Line by line, return the listing exactly, without any of the images.

• Input data:
┄┄┄┄┄┄┄┄┄┄
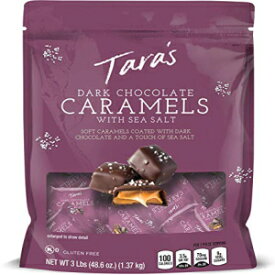 Tara's Small Batch Covered Sea Salt Soft Caramels, 3 Lbs, 3 Pound, Dark Chocolate, 48.6 Oz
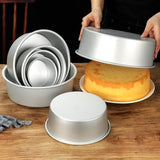 Popxstar 4-12 Inch Aluminum Round Cake Bakeware Solid Bottom Chiffon Cake Die for Aluminum Alloy Home Baking Cake Mold Pan Cake Tin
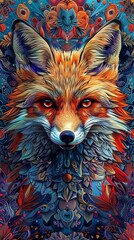 Wall Mural - A fox is the main subject of this painting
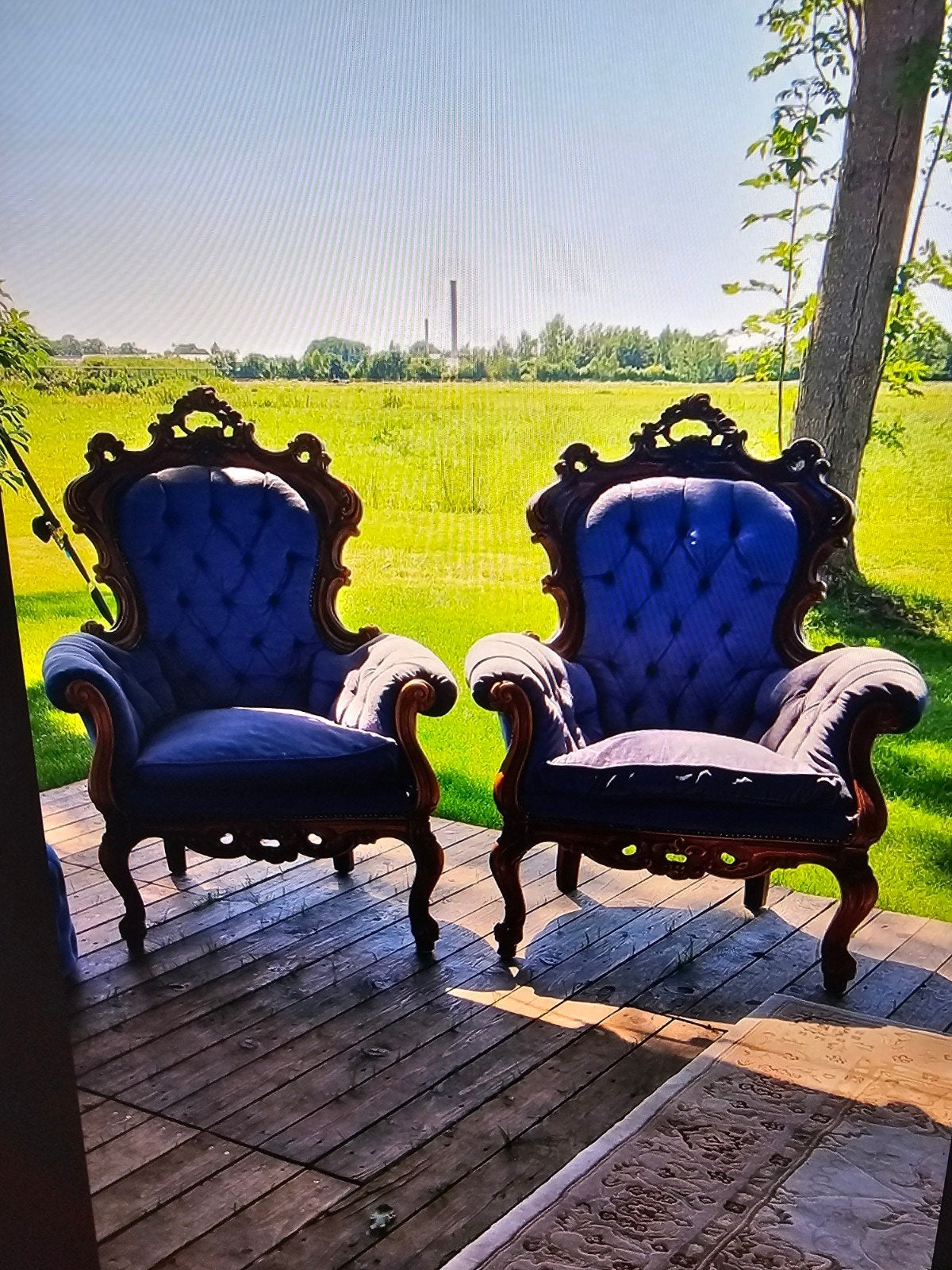 2 barok stoelen blauw/grijs, Ophalen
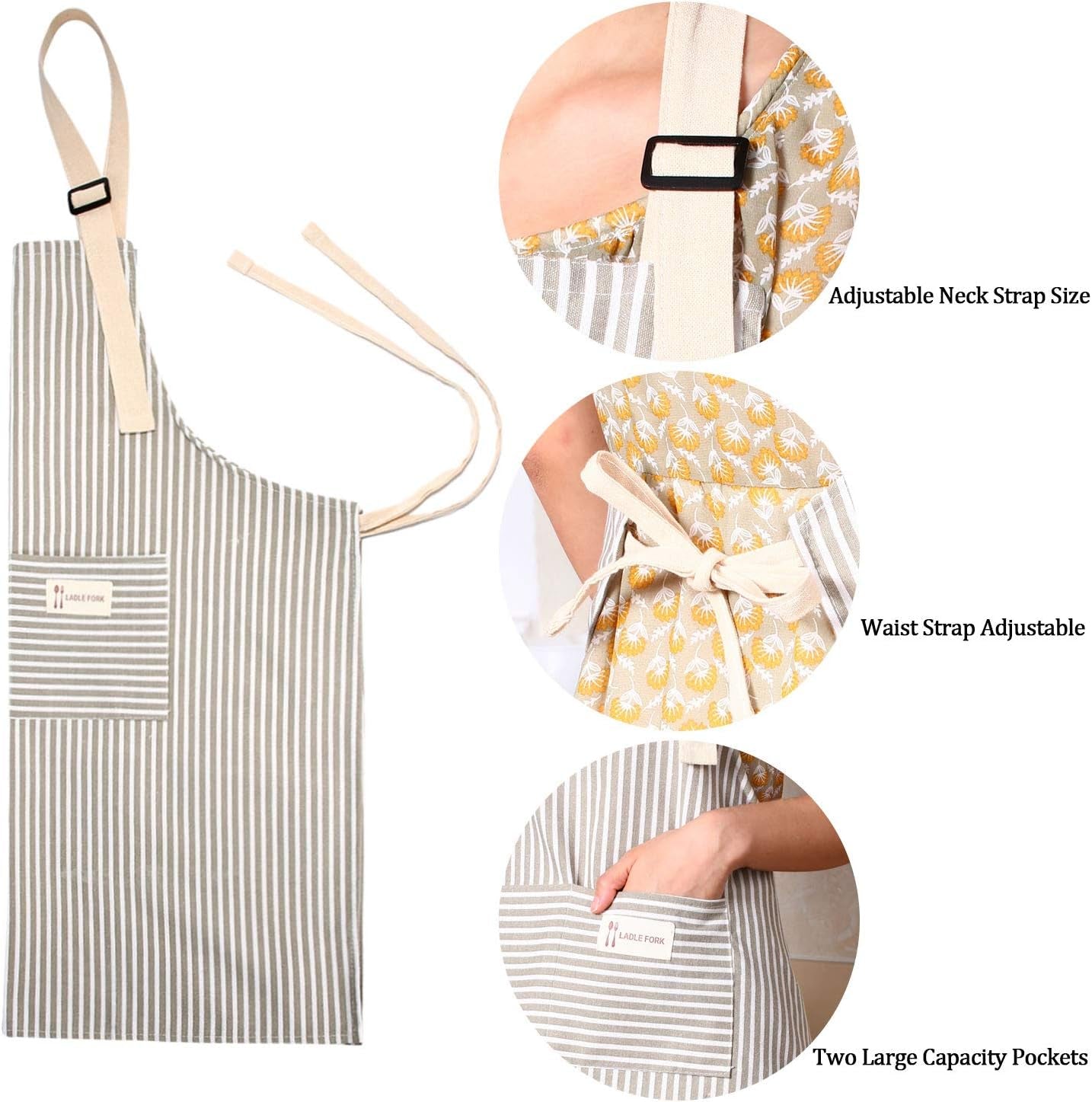 2 Pieces Linen Cooking Kitchen Apron for Women and Men Kitchen Bib Apron with Pocket Adjustable Soft Chef Apron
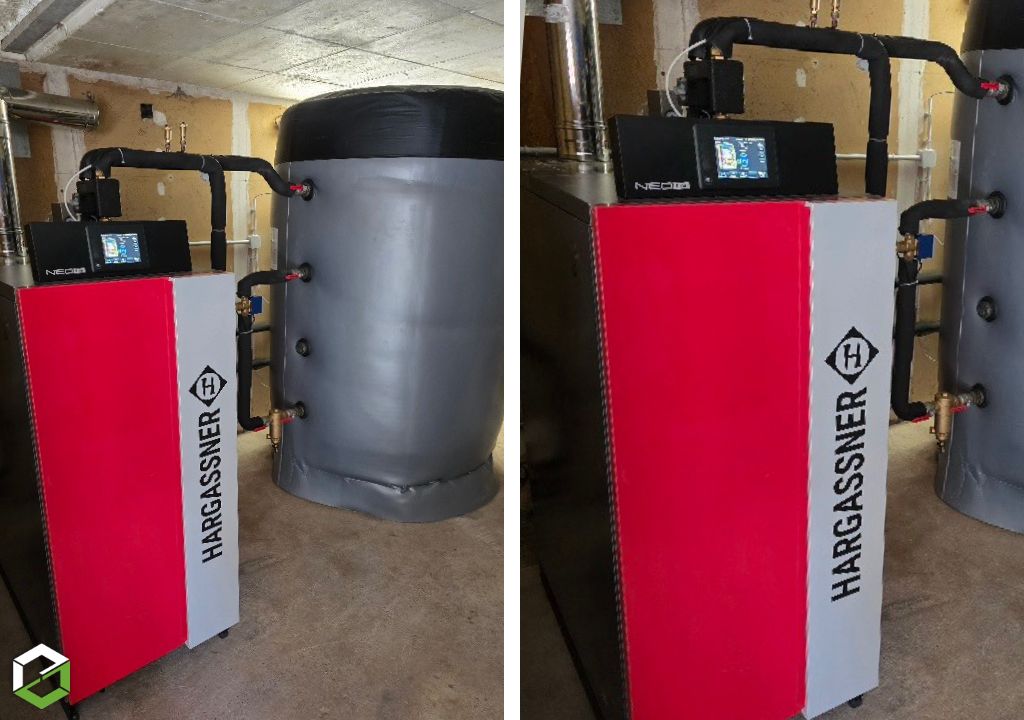 Installation d'une chaudière à bois HARGASSNER NEO  HV - Entreprise RGE QualiBois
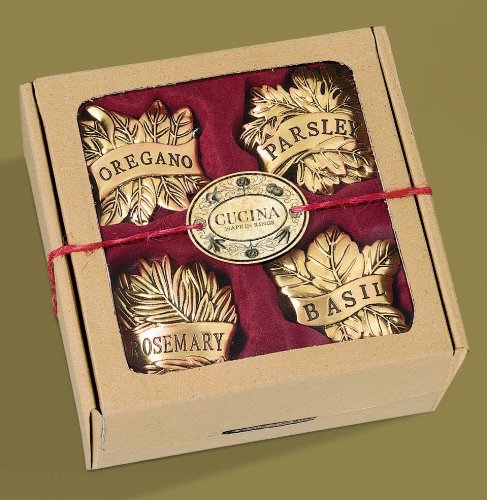 Grasslands Road Cucina Rosemary Basil Parsley Oregano Herb Napkin Rings, Set Of 4 #TOP5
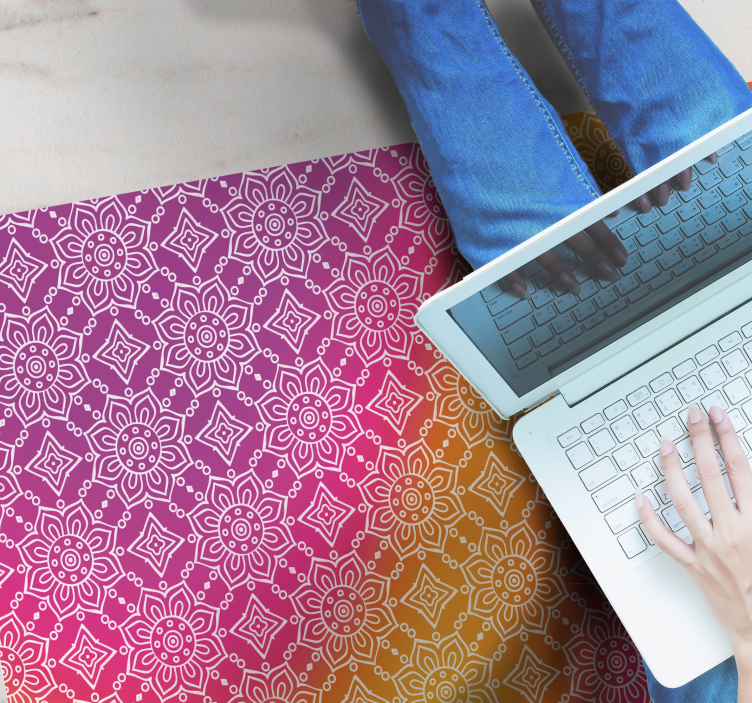 Vinyl Teppich Mandala eleganter farbverlauf - TenStickers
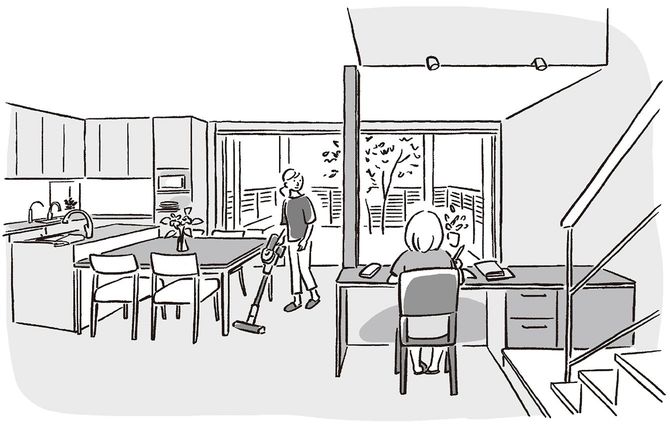 スタディコーナーを併設したLDK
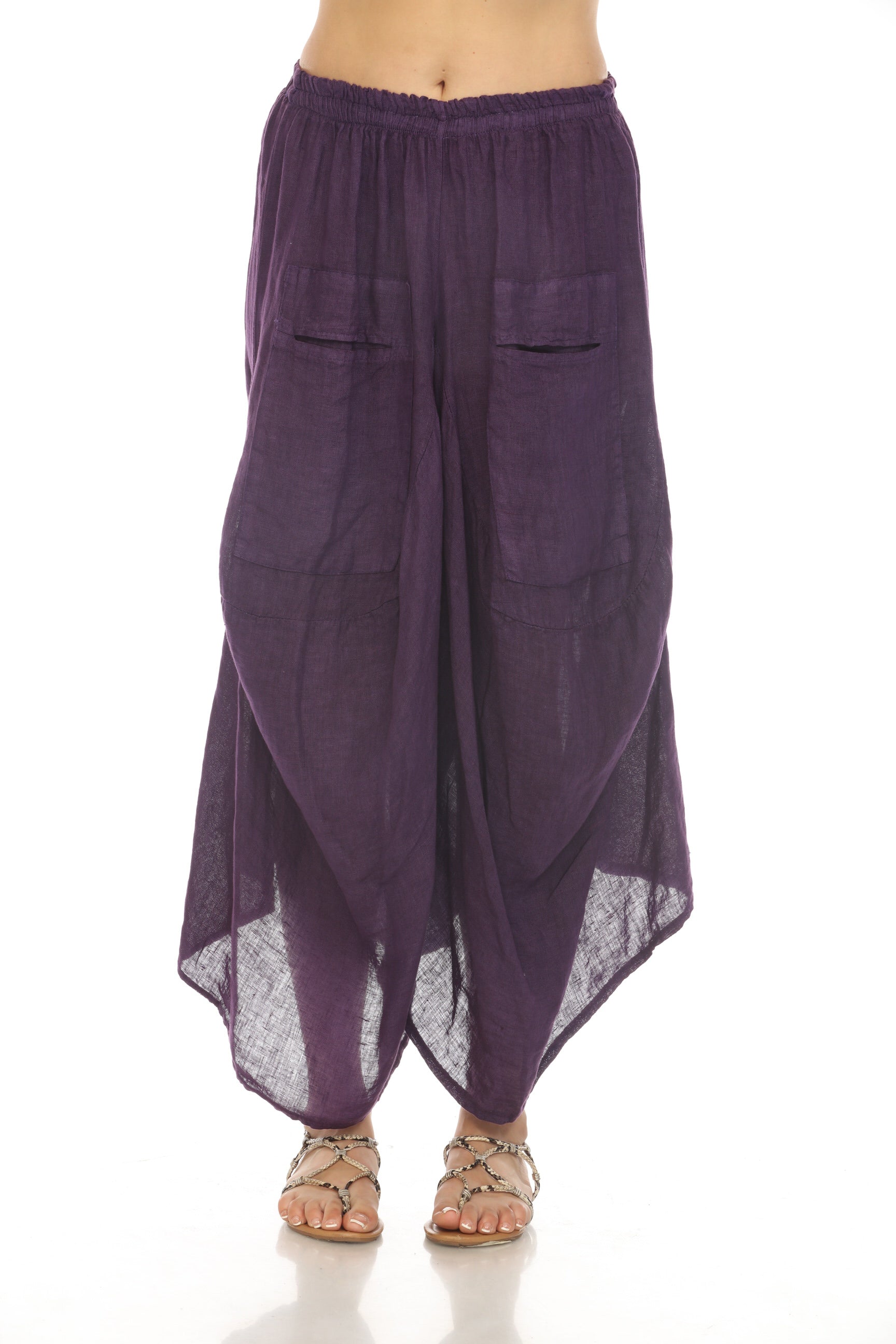 Purple Elastic Waist designer Wide Leg Pockets Pant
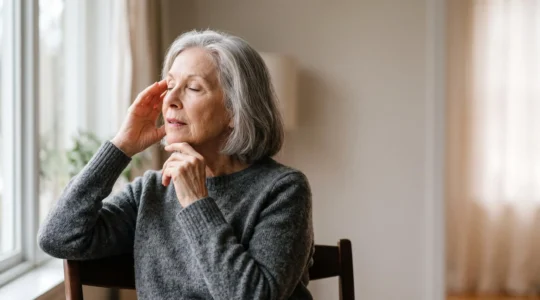Close-up portrait of a joyful senior woman engaged in focused learning, symbolizing cognitive vitality through language study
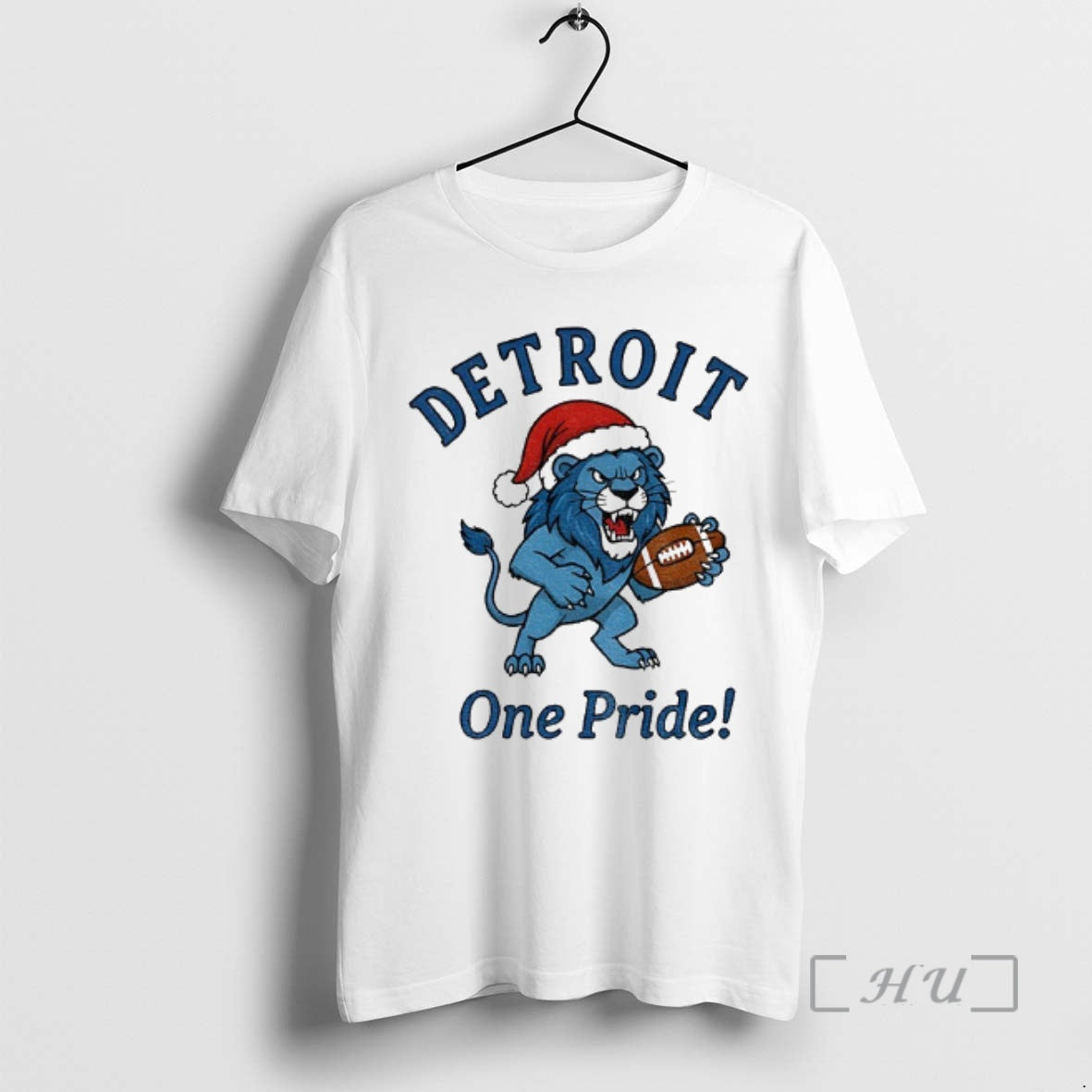 Trending Detroit Lions Football Mascot Santa Hat Detroit One Pride Merry Christmas Premium T Shirts Hoodie, Sweatshirt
┄┄┄┄┄┄┄┄┄┄
• Reply to the exercise:
 Tara's Small Batch Covered Sea Salt Soft Caramels, 3 Lbs, 3 Pound, Dark Chocolate, 48.6 Oz
 Popxstar 4-12 Inch Aluminum Round Cake Bakeware Solid Bottom Chiffon Cake Die for Aluminum Alloy Home Baking Cake Mold Pan Cake Tin
 Wall Mural - A fox is the main subject of this painting
 2 barok stoelen blauw/grijs, Ophalen
 2 Pieces Linen Cooking Kitchen Apron for Women and Men Kitchen Bib Apron with Pocket Adjustable Soft Chef Apron
 Installation d'une chaudière à bois HARGASSNER NEO  HV - Entreprise RGE QualiBois
 Grasslands Road Cucina Rosemary Basil Parsley Oregano Herb Napkin Rings, Set Of 4 #TOP5
 Vinyl Teppich Mandala eleganter farbverlauf - TenStickers
 スタディコーナーを併設したLDK
 Purple Elastic Waist designer Wide Leg Pockets Pant
Close-up portrait of a joyful senior woman engaged in focused learning, symbolizing cognitive vitality through language study
 Trending Detroit Lions Football Mascot Santa Hat Detroit One Pride Merry Christmas Premium T Shirts Hoodie, Sweatshirt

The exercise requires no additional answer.